Exercise objective:
Each line from the one that has "this 1024×682 image." through the final line of the listing is to be written out exactly, and no other line is.

Supplied material:
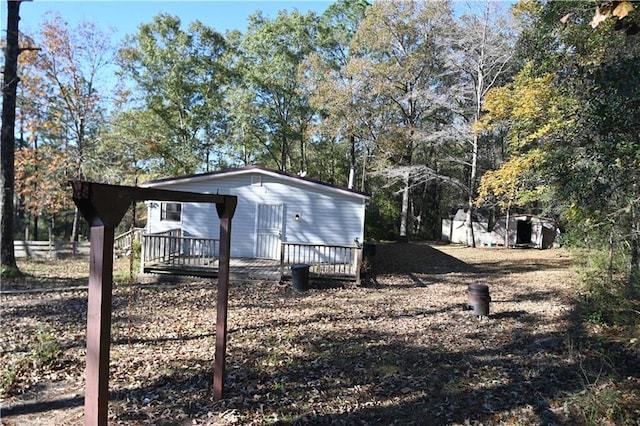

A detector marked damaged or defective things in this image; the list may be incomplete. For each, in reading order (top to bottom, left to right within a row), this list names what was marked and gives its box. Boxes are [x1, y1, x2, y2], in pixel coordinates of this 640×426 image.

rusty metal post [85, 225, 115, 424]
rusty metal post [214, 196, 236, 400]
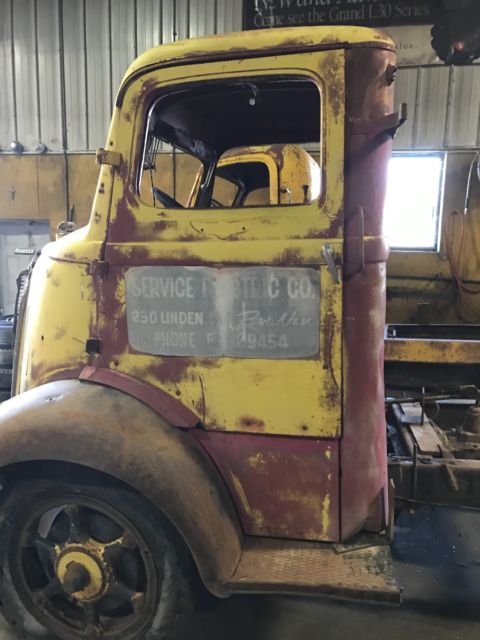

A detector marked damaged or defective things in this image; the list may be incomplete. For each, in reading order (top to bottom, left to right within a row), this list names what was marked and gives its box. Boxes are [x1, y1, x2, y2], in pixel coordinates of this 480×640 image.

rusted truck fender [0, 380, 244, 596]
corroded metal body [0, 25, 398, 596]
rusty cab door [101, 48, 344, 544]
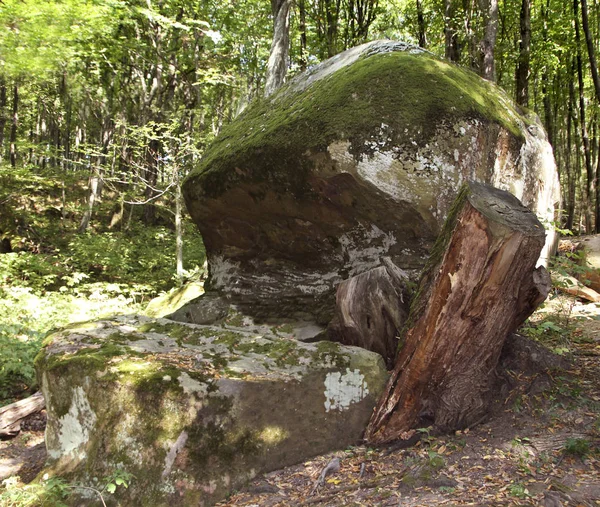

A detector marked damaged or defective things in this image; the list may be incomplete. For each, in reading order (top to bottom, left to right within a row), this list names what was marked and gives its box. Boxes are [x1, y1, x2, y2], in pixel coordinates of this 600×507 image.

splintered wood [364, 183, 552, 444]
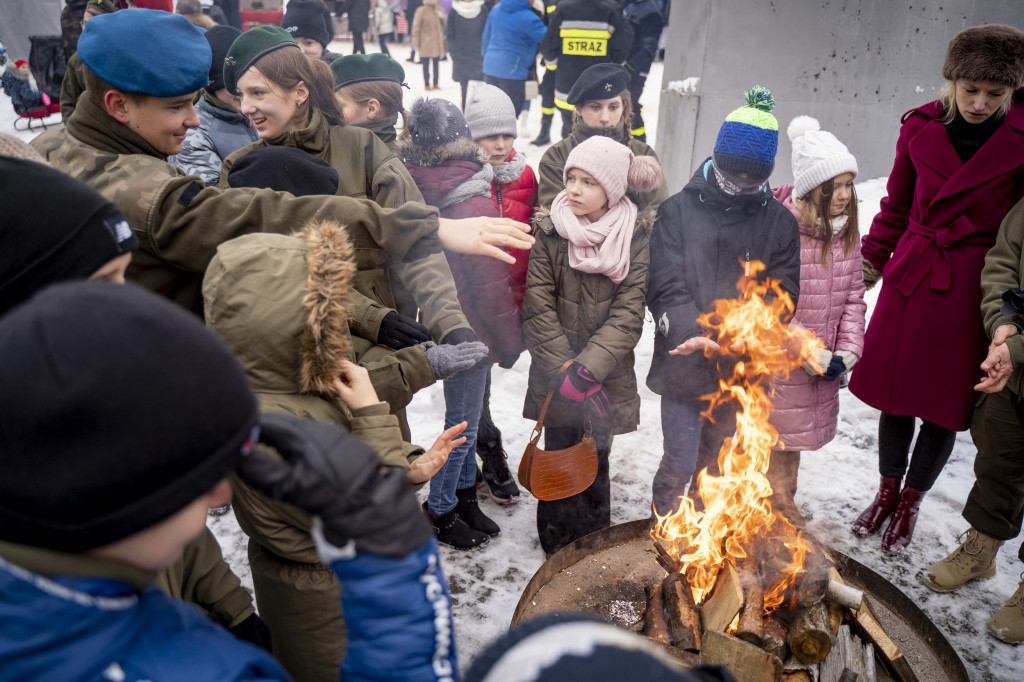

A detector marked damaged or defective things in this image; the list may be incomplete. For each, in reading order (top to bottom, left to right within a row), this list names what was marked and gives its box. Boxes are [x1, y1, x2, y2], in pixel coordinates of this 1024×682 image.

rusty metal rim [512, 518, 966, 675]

Result of the task:
A detector marked damaged or defective things in this image; the list may be incomplete. For each, in reading order (top to bottom, left to right within a row), this list names what was marked and gives its box. Boxes are [x1, y1, x2, y2], in pixel coordinates of this 1024×682 image.

rusty metal rim [512, 518, 966, 675]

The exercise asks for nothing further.